What to produce: Retype nothing except the lines below from the one with "RIO DE JANEIRO, BRAZIL" through the one with "70397, LA Map of Theft Rates", exactly, with images left out.

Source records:
# # # # # # #
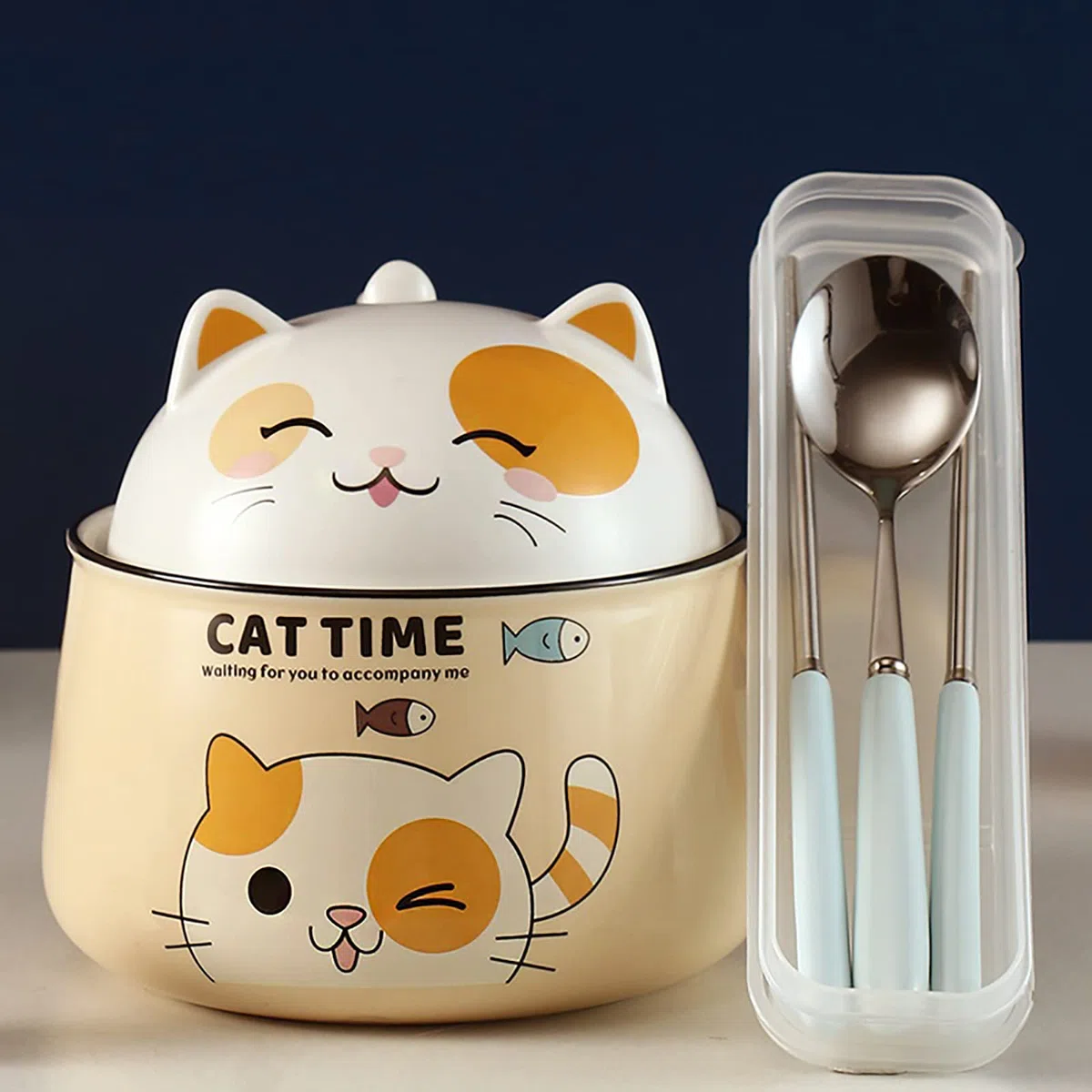 Ramen - Cuenco con tapa, diseño de gato dulce y asa, cuenco de cerámica de 1020 ml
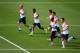 RIO DE JANEIRO, BRAZIL - JUNE 14: Arjen Robben, Robin van Persie, Bruno Martins Indi, Daryl Janmaat Jonathan de Guzman and Stefan de Vrij warm up during the Netherlands training session at the 2014 FIFA World Cup Brazil held at the Estadio Jose Bastos Pa
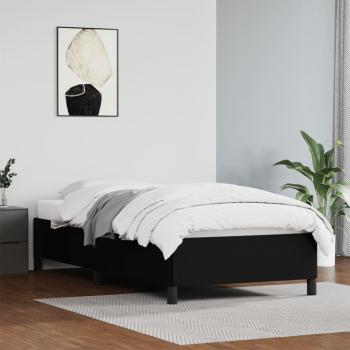 Estructura de cama de cuero sintético negro 80x200 cm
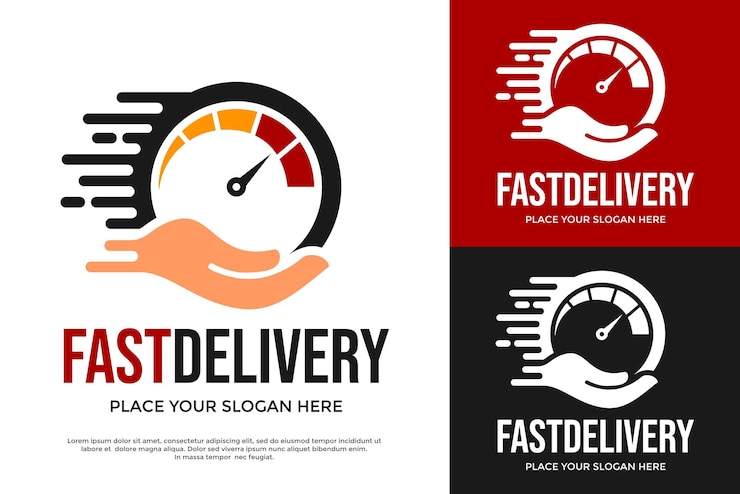 Vector fast delivery logo vector このロゴは、スピードメーターとハンドシンボルを使用したデザインで、ビジネスに適しています
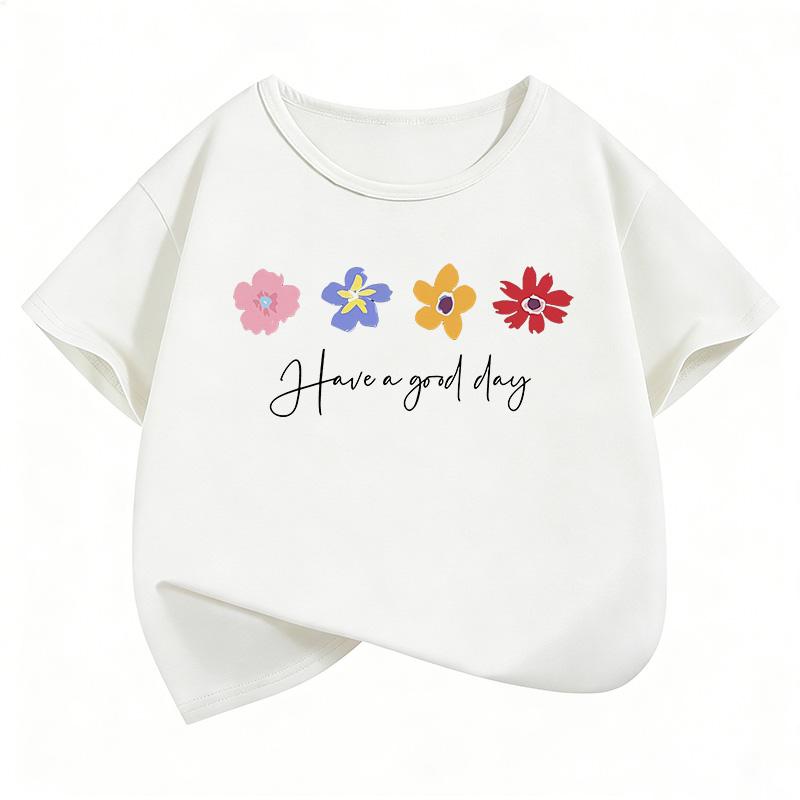 Have A Good Day Flower Design T Shirts Short Sleeve Kids Childrens Tshirt Boys Girls Summer Spring Casual Top Tee Shirt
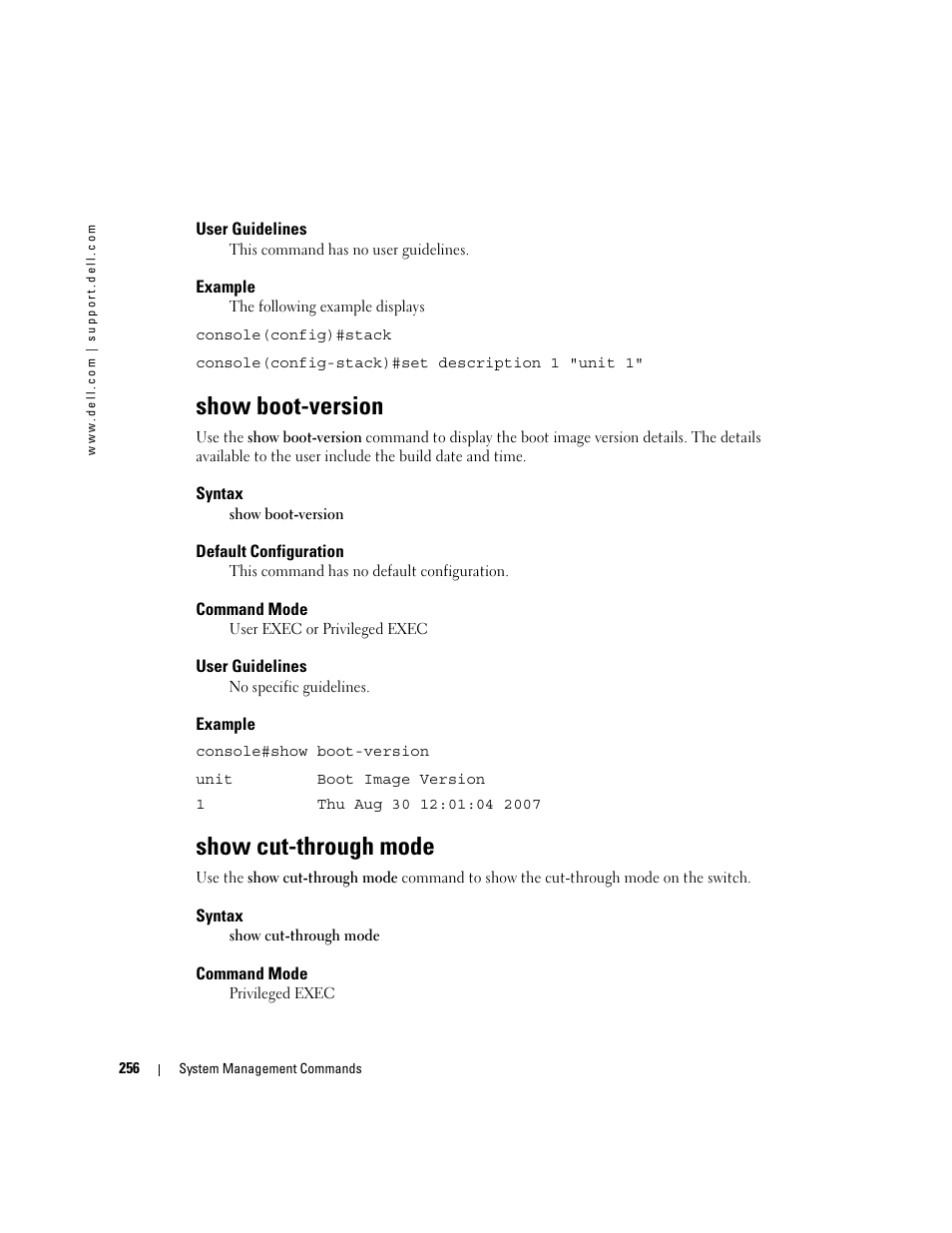 Show boot-version, Show cut-through mode | Dell PowerEdge M805 User Manual | Page 278 / 808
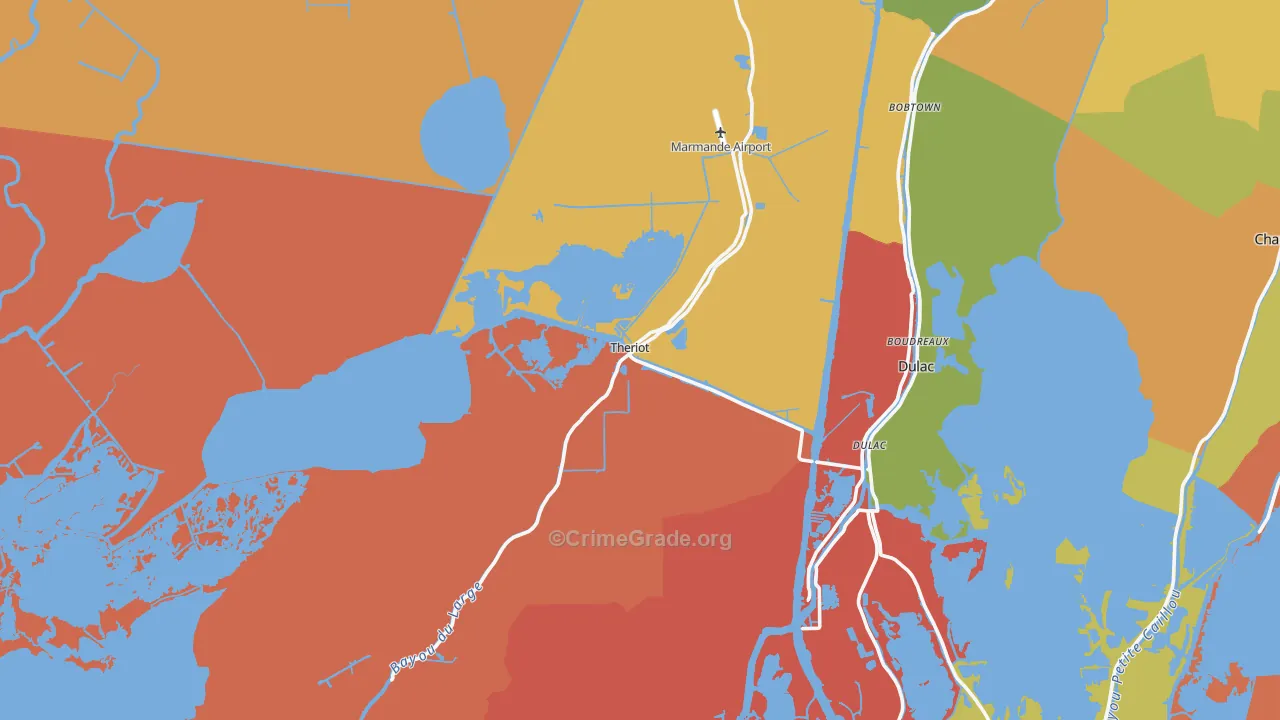 70397, LA Map of Theft Rates
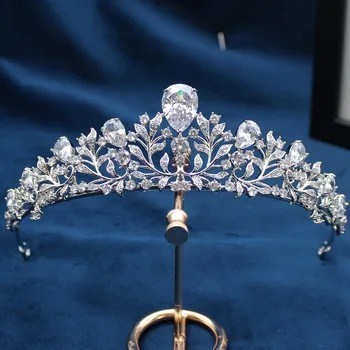 

Parmalambe Top Quality Silver Tiaras Zircon Bridal Headpieces Drop-water Crystal Crown Wedding Hair Accessories tiara de noiva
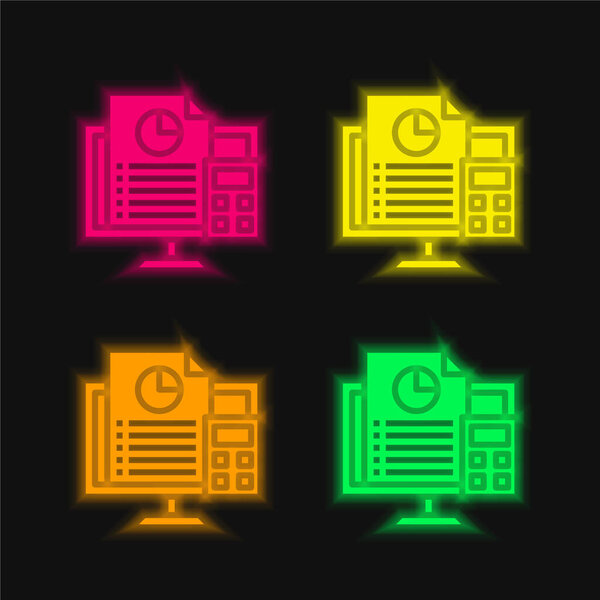 Учет значка светящегося неонового вектора четырех цветов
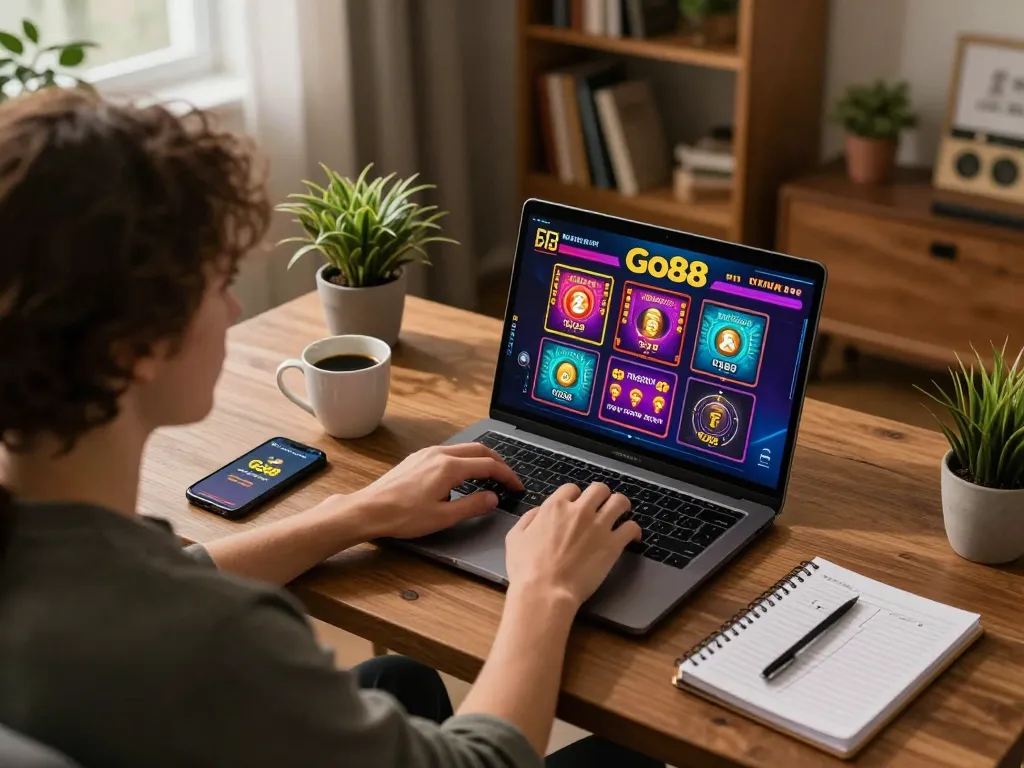 Engaging in Go88 online casino gaming at home using a laptop, with vibrant visuals and cozy atmosphere.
# # # # # # #
Your response:
 RIO DE JANEIRO, BRAZIL - JUNE 14: Arjen Robben, Robin van Persie, Bruno Martins Indi, Daryl Janmaat Jonathan de Guzman and Stefan de Vrij warm up during the Netherlands training session at the 2014 FIFA World Cup Brazil held at the Estadio Jose Bastos Pa
 Estructura de cama de cuero sintético negro 80x200 cm
 Vector fast delivery logo vector このロゴは、スピードメーターとハンドシンボルを使用したデザインで、ビジネスに適しています
 Have A Good Day Flower Design T Shirts Short Sleeve Kids Childrens Tshirt Boys Girls Summer Spring Casual Top Tee Shirt
 Show boot-version, Show cut-through mode | Dell PowerEdge M805 User Manual | Page 278 / 808
 70397, LA Map of Theft Rates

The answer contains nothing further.